If I could put my business journalist fedora on for a moment though, I have trouble seeing a standalone sale of the National Post being likely, even for peanuts, as I just don’t see a business case. No one is likely to write a cheque if they can't see a path to profitability.
Now, one part of Conrad Black’s decision to found the National Post, after Thomson wouldn’t sell him the Globe and Mail, was definitely vanity. He wanted a national pulpit to take on, and take down, the dastardly Liberals and to espouse all his closely-held Conservative ideals, such as, oh, delicious irony, cracking-down on crime and attacking lenient judges and sentencing.
Vanity aside though, while I’m no Conrad fan I wouldn’t consider him a dumb businessman, and the Post was about business. Mainly, advertising business. Southam owned most of the daily newspapers across the country, and at least one (sometimes two) in every major market except one, the biggest one: Toronto.
More than vanity, the Post was about getting a foothold in the Toronto market and allowing Southam’s ad sales teams to be able to sell advertisers a national ad package in papers from coast to coast. To be taken seriously, that package had to include Toronto.
The National Post was a national newspaper in name only. That’s even more true today, with the Post having disappeared from many markets. It has always been a Toronto paper. And it has failed to compete in this market, which was already saturated before it arrived.
Even though it has lost money from day one, in the context of a Southam or a CanWest, the Post made some sense as a loss-leader, given the already discussed advertising considerations and the prestige factor of being in the nation’s largest market. For CanWest today though, given the tightening media market overall, and the Post’s continual cash hemorrhaging, clearly the losses now outweigh benefit of having a Toronto paper in their ad package, unless they hope to work out an ad sales deal with the new ownership.
Which is why a sale makes even less sense. Well, getting rid of it makes sense. But, subtract the need to have a Toronto paper in a national ad buy, who would want to buy the National Post.
Perhaps another chain needing their own Toronto media market, but what chain would that be?
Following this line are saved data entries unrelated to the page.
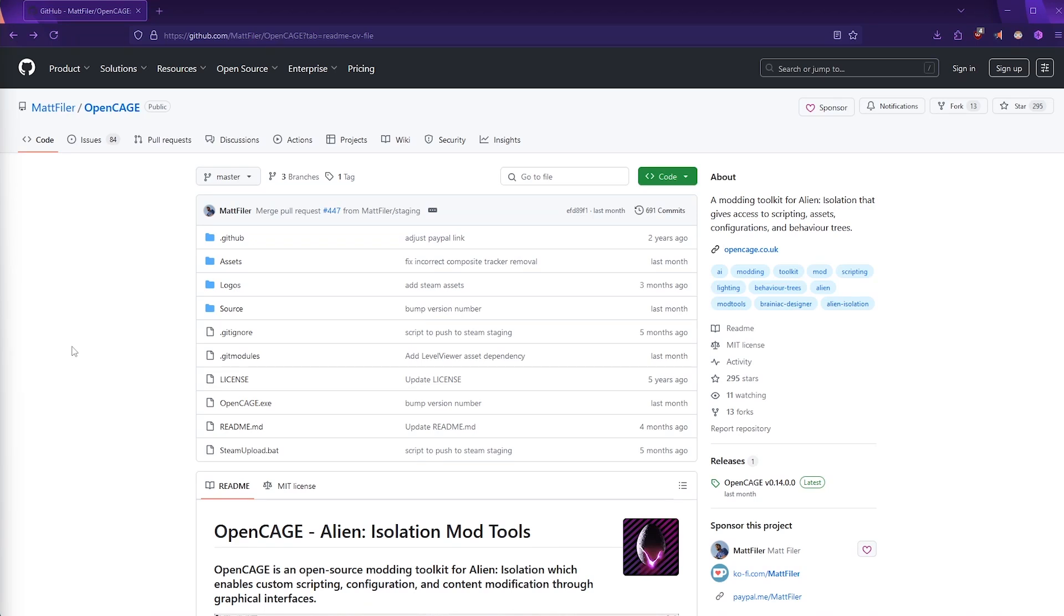Before we jump into Unreal, we're going to investigate the Aliens behavior trees from Alien Isolation. To do that, we're going to make use of the free OpenCage mod toolkit, which you can see on this page here. I'll leave a link to this GitHub page in the video description below.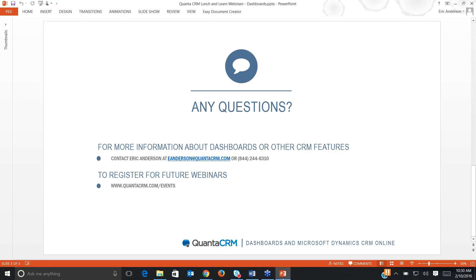We'll wrap it up here since there are no more questions. I'd like to thank everyone for attending today. I know your time is valuable, so I hope the information we presented was also valuable. If you have any questions that come up after the presentation, please feel free to reach out to Eric — his contact information is on the screen now. Today's presentation was recorded and will be posted to QuantusCRM.com/events. That should be up by tomorrow. While you're there, there are other webinars listed — we do this the second Wednesday of every month at the same time. Thanks everyone for attending, and have a great day.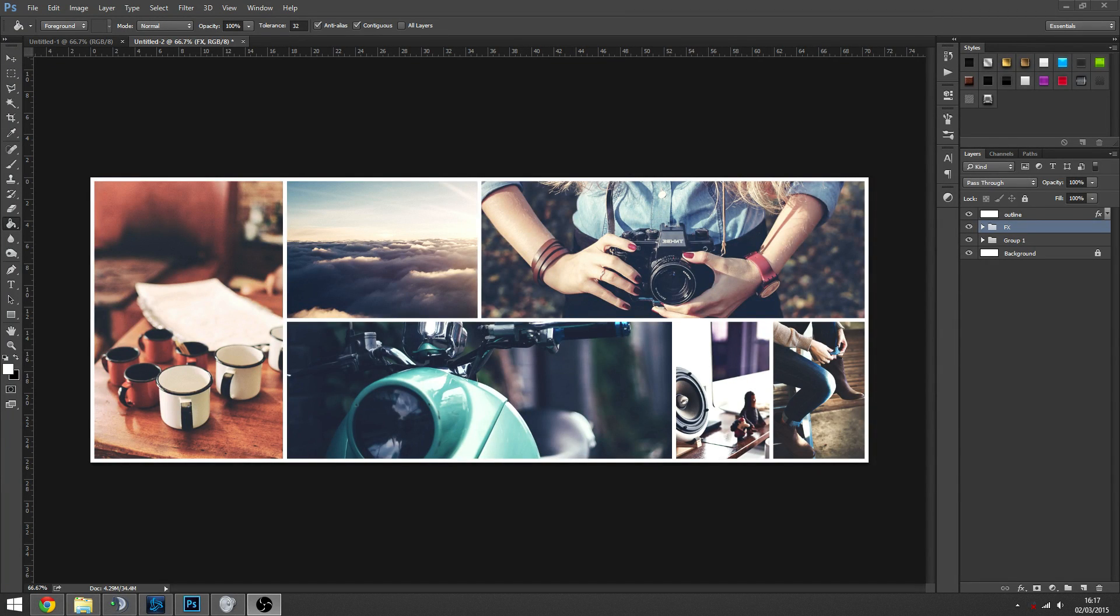It's Dan here and today I've got a really nice tutorial for you on how to create this simple collage effect inside of Photoshop.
With consolidation there are few other conglomerates of any size left in the print world. The only one with national scope is Bell GlobeMedia, and they have the Globe. On a more regional level there’s TorStar, but they have the Toronto Star. Black Press is confined to the West. The Irvings have some papers in the Maritimes.
That leaves the possibility of operating the Post as a stand-alone entity. And as I said, it’s essentially a Toronto paper, and in this market it’d be going up against the Star, Sun, Globe, and subway freebies. And in every other market, it would now have to compete with the Canwest dailies (Ottawa Citizen, Vancouver Sun, Montreal Gazette, Calgary Hearld and so on). And a new owner would have to hire staff across the country if it wanted to continue pretending to be a national paper. The Post relied heavily on content from its Canwest cousins. Either that would change, or a healthy fee would be extracted by CanWest for “wire” access.
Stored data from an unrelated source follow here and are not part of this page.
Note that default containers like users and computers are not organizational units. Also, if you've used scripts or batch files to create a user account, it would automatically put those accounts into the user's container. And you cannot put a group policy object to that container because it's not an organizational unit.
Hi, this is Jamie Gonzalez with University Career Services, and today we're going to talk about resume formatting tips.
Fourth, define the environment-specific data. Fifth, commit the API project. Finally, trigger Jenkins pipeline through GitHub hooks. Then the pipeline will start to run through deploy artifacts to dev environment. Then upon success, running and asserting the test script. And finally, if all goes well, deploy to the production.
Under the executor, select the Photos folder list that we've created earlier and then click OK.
If the Post wasn’t a viable business in the context of a national chain needing ads in the Toronto market, its far less viable as a standalone paper. Just what would the business model be?
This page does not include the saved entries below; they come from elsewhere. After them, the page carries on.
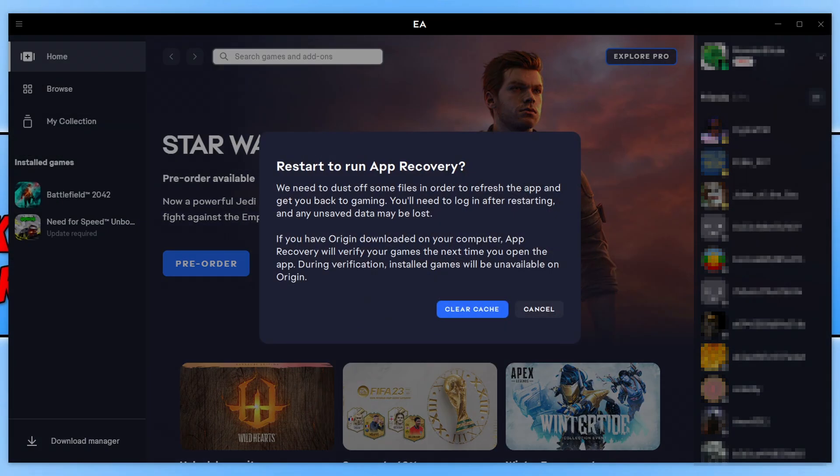As you can see, there's a button that says Clear Cache. As soon as we click on the Clear Cache button, this is going to clear the cache. You won't lose any of your games that are installed on your computer and you will not lose any saved data, so don't worry about that. When you do launch the EA app though, you will need to sign back into your account as clearing the cache files will sign you out.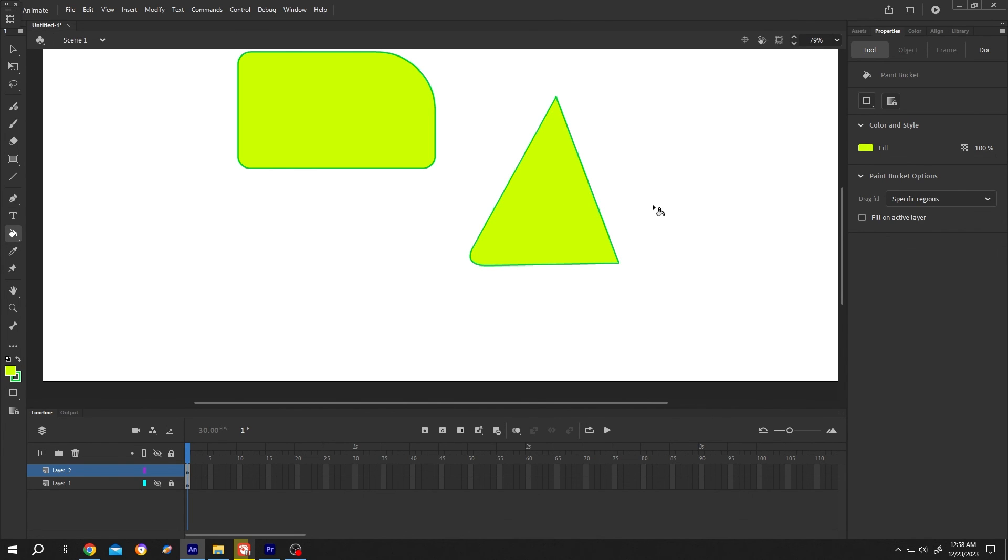So guys, that's how easily we can have rounded corner in any shape in Adobe Animate. Thank you guys for watching. Have a good day. See you next time.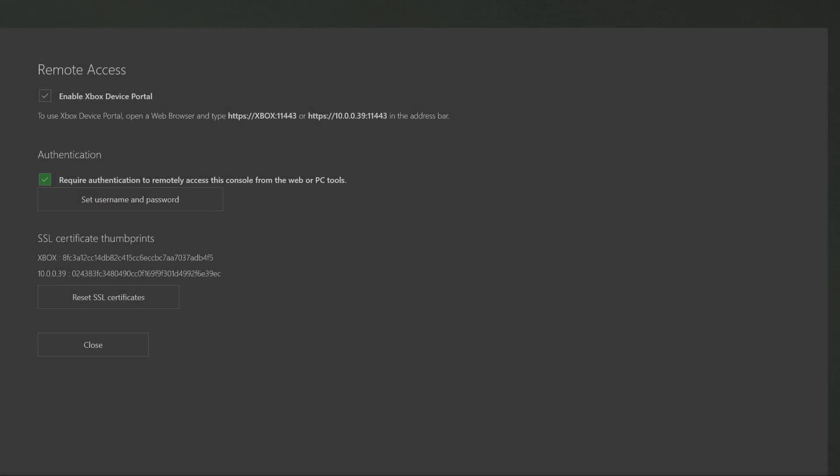So that when you go to the Xbox portal, if anybody by any chance has your information they would be allowed to drag things onto your Xbox as well. So if you set up a username and password, this will prevent that from happening.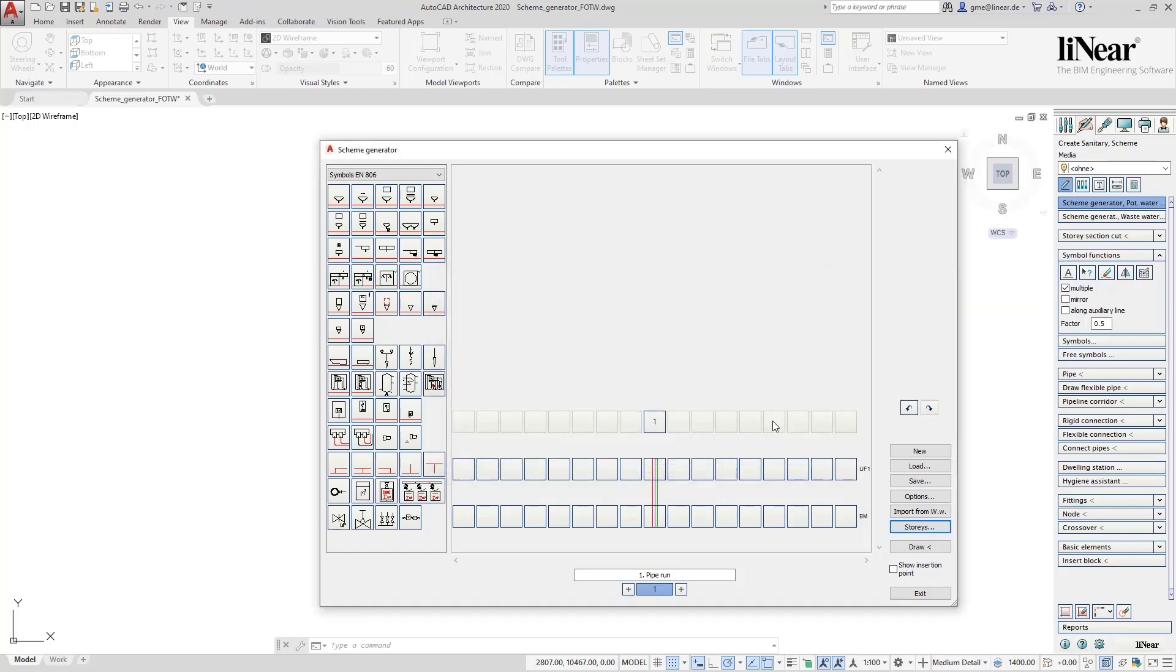But first we want to start with the apartments. From the symbol library where we find all available symbols from the potable water area, I simply drag and drop the desired components into the generator.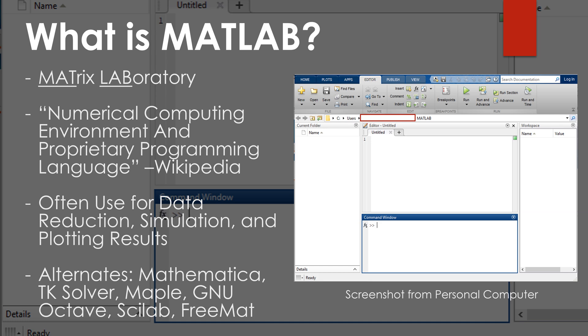Now, if you ask people what MATLAB is, they might have different answers and it might be hard to explain. Some people might say it's just an expensive programmable calculator on your computer. Other people might say that it's a computer language. Some people might just say that it's a data analysis software. But I really like the Wikipedia definition — when it comes to describing MATLAB, I think it has a very good definition. It says that MATLAB is a numerical computing environment and proprietary programming language.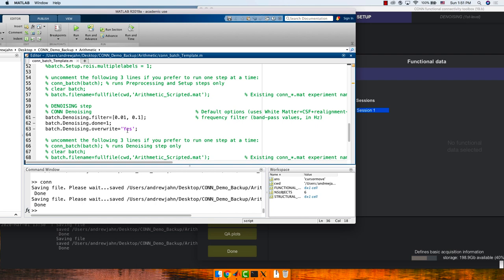Just be aware: what I have here is a pretty bare-bones template. But if you simply replace the number of subjects with however many subjects you have in your current directory and point toward where the functional and anatomical images are, it's going to run through everything start to finish from this script. You don't have to do anything else besides that.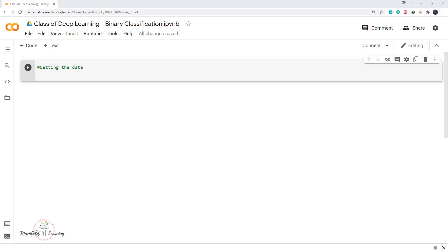Welcome back to the video series on deep learning. Today we are going to perform the task of binary classification on image data, making use of images of cats and dogs. Given an image, we want to tell whether it contains a cat or a dog. To do this we'll make use of a convolutional neural network.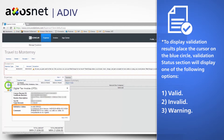indicating that all the information is correct; Invalid, if the information is not correct; or Warning, when the invoice has already been validated or the tax ID is not registered in the system.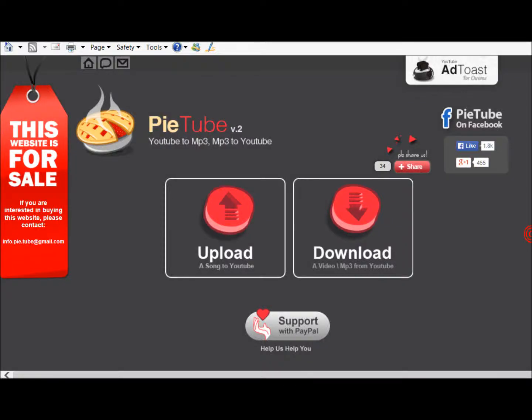In this video I would like to show you how to upload an mp3 to YouTube. First thing you do is go to YouTube and sign in, and then you go to a site called PieTube.com.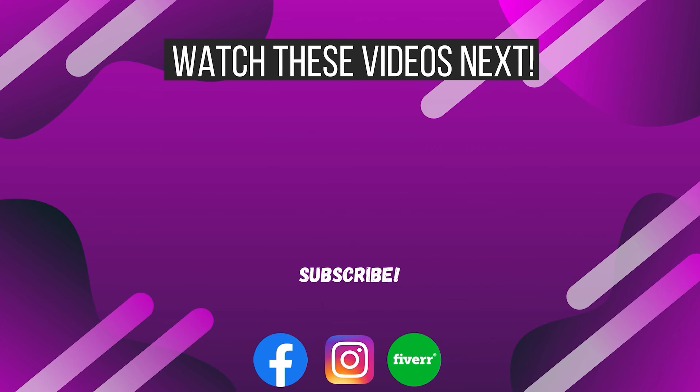I offer video editing services on Fiverr, so if you want me to edit your video, you can drop me a comment or go to my Fiverr profile via the link in the video description below. Thank you for watching this video. I'll see you in the next one.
As much as it pains me as a journalist to say this in an era when jobs in my field are scarce, it makes more sense to just shut the doors and sell the assets. Not with a bang, but with a whimper.
EDITED TO ADD: One scenario that could possibly work: buy it cheap, dump everything but the business section, and revert to being the Financial Post. That's what the paper was before Conrad bought it and wrapped news, sports and arts around it. But could a business daily survive in the Internet age, and in Canada/Toronto? I frankly doubt it. It would be a slightly less crazy scenario though.